After an irrigation audit with WSU experts, that’s exactly what the Caudles did. They replaced older impact sprinklers on a 36-foot-square spacing to microsprinklers at 20 by 20. They also had to upgrade the water filter to accommodate the microsprinklers.
Since the demonstration project in their 8-acre orchard block was part of the larger trial, the costs were supported by the Bonneville Environmental Foundation and the research commission, facilitated by WSU Extension and the Cascadia Conservation District. Over two seasons, the system cut their water use almost in half.
“The uniformity of the watering is fantastic compared to the old system,” Larry Caudle said. “The trees look better. We noticed a difference in how the trees looked in the first year, and we’re excited to see in the next several years what it’s going to look like.”
Fruit size increased about one size overall, Renee Caudle said, improving their returns.
“I think the increase in returns would pay for the new system in just a couple years — definitely worth it,” she said.
For another grower battling cork in a Cashmere, Washington, orchard, the solution didn’t involve new infrastructure. Brandon Long simply had to hand over his irrigation decision-making to a soil moisture sensor.

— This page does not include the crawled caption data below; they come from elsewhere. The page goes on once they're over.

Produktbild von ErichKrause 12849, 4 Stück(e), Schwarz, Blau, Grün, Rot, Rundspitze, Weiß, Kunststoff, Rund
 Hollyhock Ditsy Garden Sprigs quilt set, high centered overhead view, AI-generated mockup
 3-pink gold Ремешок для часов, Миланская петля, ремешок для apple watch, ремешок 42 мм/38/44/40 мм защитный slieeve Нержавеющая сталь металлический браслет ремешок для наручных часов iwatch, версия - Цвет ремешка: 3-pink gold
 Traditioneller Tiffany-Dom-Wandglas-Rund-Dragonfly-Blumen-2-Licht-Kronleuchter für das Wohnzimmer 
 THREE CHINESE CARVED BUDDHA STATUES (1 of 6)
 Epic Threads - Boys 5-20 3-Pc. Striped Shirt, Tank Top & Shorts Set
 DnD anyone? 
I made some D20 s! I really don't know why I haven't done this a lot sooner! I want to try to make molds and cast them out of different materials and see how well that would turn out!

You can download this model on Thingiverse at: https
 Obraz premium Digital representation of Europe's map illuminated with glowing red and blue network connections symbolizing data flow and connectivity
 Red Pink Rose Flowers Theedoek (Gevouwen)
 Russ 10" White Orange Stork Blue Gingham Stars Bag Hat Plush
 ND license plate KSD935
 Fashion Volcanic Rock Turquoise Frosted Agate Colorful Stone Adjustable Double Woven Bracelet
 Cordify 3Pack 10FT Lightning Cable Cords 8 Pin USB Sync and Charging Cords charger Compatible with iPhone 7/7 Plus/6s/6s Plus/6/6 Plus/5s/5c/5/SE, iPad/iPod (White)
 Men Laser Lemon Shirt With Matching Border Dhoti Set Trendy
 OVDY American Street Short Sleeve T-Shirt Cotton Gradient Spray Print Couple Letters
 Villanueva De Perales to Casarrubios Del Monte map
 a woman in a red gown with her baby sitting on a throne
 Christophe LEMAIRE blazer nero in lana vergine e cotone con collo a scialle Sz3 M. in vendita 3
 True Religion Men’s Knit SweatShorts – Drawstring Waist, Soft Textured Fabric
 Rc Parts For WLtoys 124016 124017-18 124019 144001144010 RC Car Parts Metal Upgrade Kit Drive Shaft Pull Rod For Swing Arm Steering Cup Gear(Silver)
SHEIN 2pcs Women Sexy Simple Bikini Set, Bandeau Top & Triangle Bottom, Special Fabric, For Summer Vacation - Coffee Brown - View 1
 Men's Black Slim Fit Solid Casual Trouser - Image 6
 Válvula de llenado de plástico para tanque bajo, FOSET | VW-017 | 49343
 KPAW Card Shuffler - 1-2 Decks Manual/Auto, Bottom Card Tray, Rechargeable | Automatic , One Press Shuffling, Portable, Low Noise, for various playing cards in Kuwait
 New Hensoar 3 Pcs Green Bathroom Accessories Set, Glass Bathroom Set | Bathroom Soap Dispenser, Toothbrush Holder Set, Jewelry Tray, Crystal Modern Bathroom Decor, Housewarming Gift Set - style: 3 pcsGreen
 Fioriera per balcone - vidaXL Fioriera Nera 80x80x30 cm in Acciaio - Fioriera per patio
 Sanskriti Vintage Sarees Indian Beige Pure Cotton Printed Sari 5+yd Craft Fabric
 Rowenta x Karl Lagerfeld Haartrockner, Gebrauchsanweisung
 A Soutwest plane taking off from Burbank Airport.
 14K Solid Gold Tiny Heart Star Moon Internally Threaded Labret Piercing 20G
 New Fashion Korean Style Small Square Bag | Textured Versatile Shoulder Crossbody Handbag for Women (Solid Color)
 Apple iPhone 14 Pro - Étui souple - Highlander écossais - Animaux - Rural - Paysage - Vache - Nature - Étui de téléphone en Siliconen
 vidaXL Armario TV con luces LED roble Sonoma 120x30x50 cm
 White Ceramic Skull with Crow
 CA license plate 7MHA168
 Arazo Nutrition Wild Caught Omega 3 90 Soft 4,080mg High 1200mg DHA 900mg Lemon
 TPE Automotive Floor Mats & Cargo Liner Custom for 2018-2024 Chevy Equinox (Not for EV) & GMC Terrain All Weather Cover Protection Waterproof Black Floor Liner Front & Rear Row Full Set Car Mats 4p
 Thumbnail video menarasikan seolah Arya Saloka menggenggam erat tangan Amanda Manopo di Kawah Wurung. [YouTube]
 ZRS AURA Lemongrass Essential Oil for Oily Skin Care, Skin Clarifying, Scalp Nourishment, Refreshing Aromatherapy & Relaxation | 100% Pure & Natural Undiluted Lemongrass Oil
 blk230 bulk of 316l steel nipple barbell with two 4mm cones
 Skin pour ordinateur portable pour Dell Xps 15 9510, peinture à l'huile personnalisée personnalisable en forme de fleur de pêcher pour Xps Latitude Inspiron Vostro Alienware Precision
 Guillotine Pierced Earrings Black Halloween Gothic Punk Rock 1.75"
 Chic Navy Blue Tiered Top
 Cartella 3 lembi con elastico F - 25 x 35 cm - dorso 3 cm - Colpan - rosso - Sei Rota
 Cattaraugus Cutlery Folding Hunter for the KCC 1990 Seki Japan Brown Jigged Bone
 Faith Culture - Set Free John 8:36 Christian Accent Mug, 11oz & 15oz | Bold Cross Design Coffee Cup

In recent years, the Anjou block struggled significantly with cork. “We didn’t even pick in 2017, it was that bad,” Long said.
Soil moisture sensors help irrigators stay within the optimum zone between field capacity and water stress, Peters said.
“We don’t want to put more water on the soil than it can hold. Then we wasted our time, we wasted our money, and we probably washed a lot of our valuable nutrients out of the soil,” he said.
Over time, the trees start to pull water out of the soil until “the water is so depleted that the roots have to work really hard to pull the water away from the soil. It begins to experience water stress,” Peters said.
Long had two soil moisture sensors installed, one in a control block and one in the experimental block. Both were located midslope in average soil moisture spots, he said. It was clear to see when he looked at the sensor data on the computer that the control block was continuously saturated, but it seemed unnatural to hold off on irrigating the experimental block as long as he did.
“Knowing the water was causing a problem and we needed to change something, I was OK with sticking with the program,” Long said. “I’m glad I didn’t get nervous and stuck with it, because it made a big difference in just one year.”
He used about 10 percent less water across the season, but the packout improved from 70 percent in the standard block to 79 percent, Long said.
The experiences of both Long and the Caudles, and growers in two other ongoing case studies, show how older pear blocks can benefit from irrigation advancements, DuPont said. Growers don’t have to renew entire blocks to take advantage of irrigation advancements, but they also may face more hurdles.
“It’s both the age of the blocks and the irrigation systems, but also the location and dispersal of the blocks, mean we tend to have challenges that need to be addressed to adopt precise irrigation management,” she said. “But we can document that this can make you money.”
It’s easy to calculate that return on investment in sensors or new sprinkler systems when you have a clear irrigation problem that can be solved, DuPont said. Better water management also offers benefits to fruit quality that may be harder to measure but even more significant for the pear industry long term. That’s what Kalcsits’ forthcoming research aims to shed light on as well.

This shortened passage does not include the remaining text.